Mike Reeves, municipal marketing manager for Republic, said residents are urged to place their toters in the same location where they were found in the day of delivery.
In most cases, that will be on the street and next to the curb.
On days when both the trash and recycling containers are to be emptied, they should be placed three to four feet apart to give the collection trucks room to operate.
There will be no employees working on the back of the trucks starting Jan. 2. All toters will be picked up automatically by equipment installed on the trucks. So the proper placement of the 96-gallon containers will be important. If the truck driver is not able to pick up and empty the toter with the equipment on the vehicle, the containers will not be emptied.
Regular trash pickup will be one day a week, starting on Jan. 2 – not twice a week.
Information contained in the toters at the time of their delivery showed what those days will be in the future, depending on the neighborhood.
Recycling containers will be emptied twice a month. Those collection dates were also included in the information.
Republic Sales Manager Brian Cornelius said that, hopefully, residents held onto those information sheets. One of the sheets had a calendar with the dates for recyclable collection colored in on them.
The recycling effort will be a great benefit to Beeville residents, according to Cornelius and Reeves.
The two were in Beeville Tuesday, and they said that in every area where recycling has been introduced, the amount of refuse going into the landfills has been cut dramatically.
That will extend the lives of landfills used by communities that have recycling programs.
Many of the items now sent to the landfill from Beeville will end up in Republic’s Material Recovery Facility (MRF) in Corpus Christi.
The facility is what allows Republic’s customers to practice what the industry calls “single stream recycling.”
What that means is that anything deemed recyclable by Republic may be disposed of in the 96-gallon containers with the green lids. Residents no longer have to sort recyclable materials into separate bins before they can be picked up by the company.
Specially designed machines and Republic employees will separate the items at the MRF.
Metals, like steel, tin and aluminum drink and food cans, plastic milk, soda and detergent bottles, newspapers, magazines, cereal and cracker boxes and corrugated cardboard will all be accepted at the MRF.

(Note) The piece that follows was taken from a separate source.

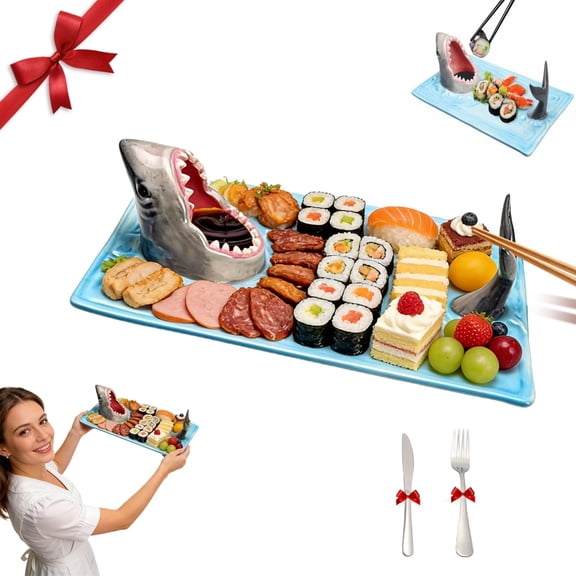 13 Inch Shark Shaped Charcuterie Board – Food Safe Ceramic Serving Board with Built-in Sauce Bowl & Chopstick Rest, Ideal for Sushi Nights, Cheese Boards, Parties, and Gifts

Republic asks that customers rinse out any cans or bottles before they are placed in the recycling toters.
That is because the recycling toters will be emptied only twice a month instead of weekly. If cans or bottles that still contain food or beverages are allowed to sit in a container for materials to be recycled, the product inside them can decay and cause odor problems in the toters.
Those cans and bottles can also make the job of the employees working at the MRF rather undesirable.

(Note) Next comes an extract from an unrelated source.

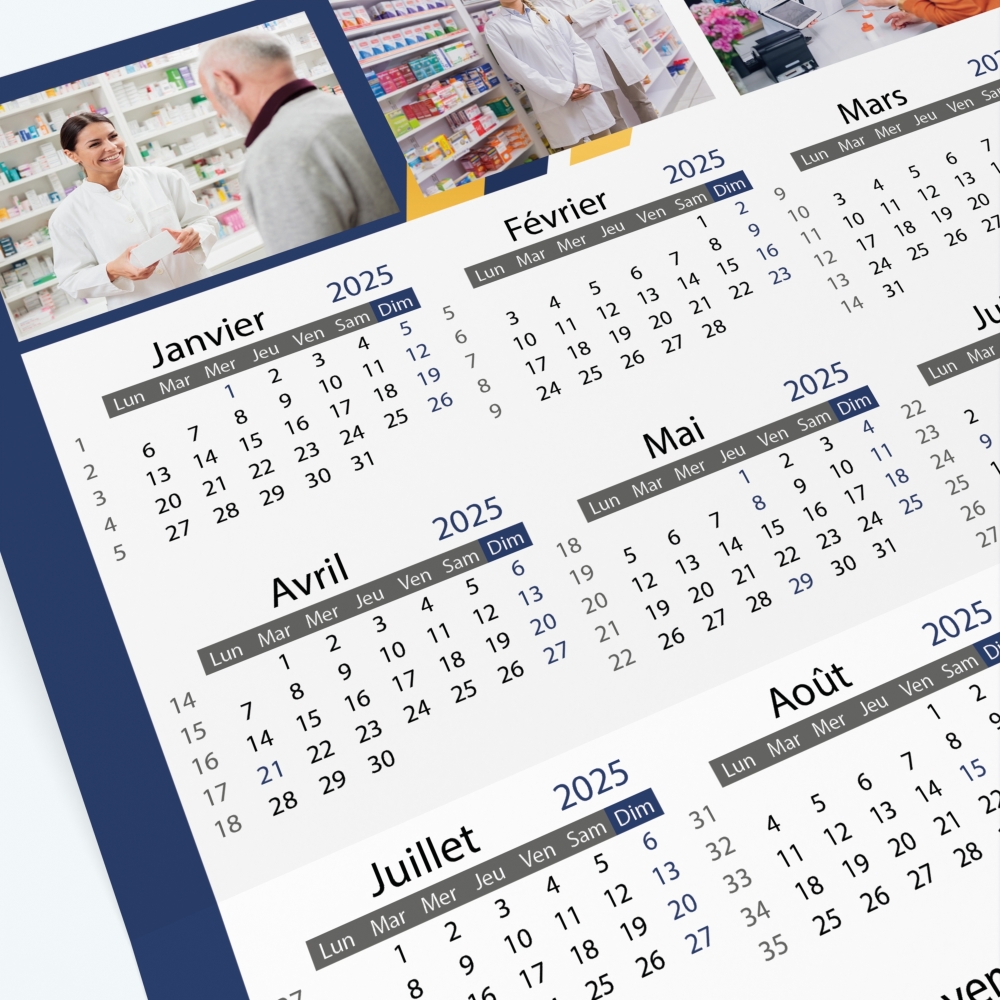 Carte calendrier photo - Grille calendaire 100% personnalisable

Styrofoam, glass, plastic bags, ceramics, garden hoses, food scraps, cloth, diapers, batteries, electronics, rubber balls and clothes hangers will not be allowed in the recyclable containers.
Reeves said he has been told by City Hall officials that some residents started putting their household trash on the curb in the new toters as soon as they were delivered.

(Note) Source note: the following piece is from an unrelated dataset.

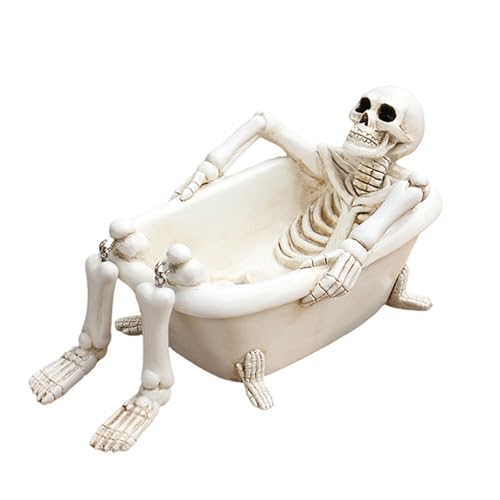 Qcbuegof Halloween Badewanne Harzschädel Pflanzer Blumentöpfe Statue Für Innenpflanzen Oder Tischendekoration Halloween Garden Accessoires von Qcbuegof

Because the toters weigh about 45 pounds empty, Republic employees have not been able to collect that trash and garbage. Emptying the containers will require the mechanized equipment on the company’s new trucks.
Also, toters placed in enclosures that once held regular trash cans will not be emptied, because the equipment on the trucks is not made to pick up containers from inside those enclosures.
Cornelius said large, bulk items placed curbside will no longer be picked up by Republic. But the company has installed a special compactor at the citizens’ collection site at the city’s equipment yard on South Jackson Street, where large items like furniture and appliances can be dumped.
Any appliance that contains a refrigerant (freon) must have the refrigerant removed and must be properly tagged by someone certified to remove that material.
Cornelius said toters should not be left on the street except on collection days. Residents should take them back to the residence and put them in a safe location other days of the week.
That eliminates the possibility that the containers could be damaged and makes for a cleaner-looking neighborhood.
Also, some commercial businesses may want to change the way they have their wastes picked up in the future. Some businesses may be better off using the toters, but others may want to contact Republic’s Customer Services Department at 1-800-640-2014 and arrange to have a dumpster delivered.
For instance, businesses that discard a lot of packing material, like large corrugated cardboard containers, may want to recycle that material rather than have it discarded in the company’s landfills.
City Code Compliance Official Ronald “Buddy” Hardy said the new system will be easier for most residents.
“You won’t have to bag your trash now,” he said. Everything can be dumped into the trash and garbage toter, including small yard wastes.
That includes branches and limbs that have been cut into small enough pieces to fit into the toter.
“I’m excited about our program,” Hardy said. “One thing is it’s going to save us a rate increase down the road and that’s a good thing. We’re rated to death.”
Cornelius said the new program also will bring a uniformity for the city’s neighborhoods. Instead of looking down a residential street on trash day and seeing an odd collection of cans, bags and other containers sitting in yards, there will be rows of matching, blue toters all set in the street next to the curb.
Republic employees and city officials believe Beeville residents will love the changes once they get used to them. Cornelius and Reeves said it is only a matter of time until all of South Texas is handling their trash, garbage and recyclable materials the same way.